You though, probably have to make your own judgements. So how do you know when somewhere is really safe? Based on my experiences with Colombia I know what doesn’t work:
It’s not from the rumors
When I first told people I was going to Colombia I heard all kinds of uninformed comments from jokes about cocaine to sincere warning about kidnapping. The thing was: nobody who reinforced these negative stereotypes about the country has ever been there, or maybe even known anybody who had been there. They couldn’t cite a recent news report or a first person account, they just had these ideas gleaned from movies and stories from 15 years ago.

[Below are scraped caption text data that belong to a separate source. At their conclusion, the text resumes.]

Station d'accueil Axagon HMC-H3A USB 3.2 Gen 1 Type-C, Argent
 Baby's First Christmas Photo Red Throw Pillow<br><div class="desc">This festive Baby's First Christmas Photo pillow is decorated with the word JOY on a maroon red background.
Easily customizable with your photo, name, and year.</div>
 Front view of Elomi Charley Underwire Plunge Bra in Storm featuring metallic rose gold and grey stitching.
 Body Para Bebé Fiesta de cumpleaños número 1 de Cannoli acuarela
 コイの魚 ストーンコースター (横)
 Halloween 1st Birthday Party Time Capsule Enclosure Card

Now I take these stories with an enormous grain of salt unless I’m hearing an actual first hand account.
It’s not from the movies
This may seem like a no- brainer, but think of how many people are spooked of hostels because of the movie Hostel. Well a lot of these people also apparently saw Colombiana or Mr. and Mrs. Smith and are now convince that Bogota is some sort of hot steamy crime haven full of hit men and drug lords.
Bogota is in the Andes. It has an altitude of 2600 meters, a kilometer higher up than Denver. Hot and steamy is is not: I spent six weeks there and I don’t think the temperature got above 70 degrees. The rest of the movies are just about as accurate.
It’s not from statistics
Stats are good but you still have to look at them critically, not sensationally. For example, last year Bogota reported 1608 murders. That seems like quite a lot of murders- but consider that this is in a city of 7.5 million people. The majority of them occurred in Ciudad Bolivar, a shady neighborhood you almost certainly wouldn’t visit on your trip.
In comparison, Bogota has a lower murder rate than New Orleans, Baltimore or my own hometown of Washington DC, and nobody freaks out when I want to go to those places. Probably because they know I’m not going to go wandering around Anacostia late at night with my wallet on display. I wouldn’t do that abroad either.
So how DO you gauge safety in a new place? It’s an art, not a science. You have to look at the complete picture: What’s going on in this country right now? Is it effecting tourists (sadly many countries are far more dangerous for their own citizens then they are for visitors)? What does your gut say? Do you personally feel secure visiting this place?
The last one is crucial. Everyone has a different comfort level. I know people who have traveled to Iraq, to Somalia, to places I would have to think really hard about before going. Personally I felt fine visiting Colombia and Ecuador, but put Venezuela on my no-go list. Based on what I’ve read, and from talking to people who have been there, it was not a place I felt comfortable going.
But I also met people who went to Venezuela and thought it was really neat. Just like I met people who got held at gunpoint in Barcelona or in Brazil or yes, in Colombia. It’s a gray science. I think in truth there’s no such thing as “safe” and “not safe.” There’s just different levels of risk that need to be managed.
How do YOU decide if a place is safe to visit?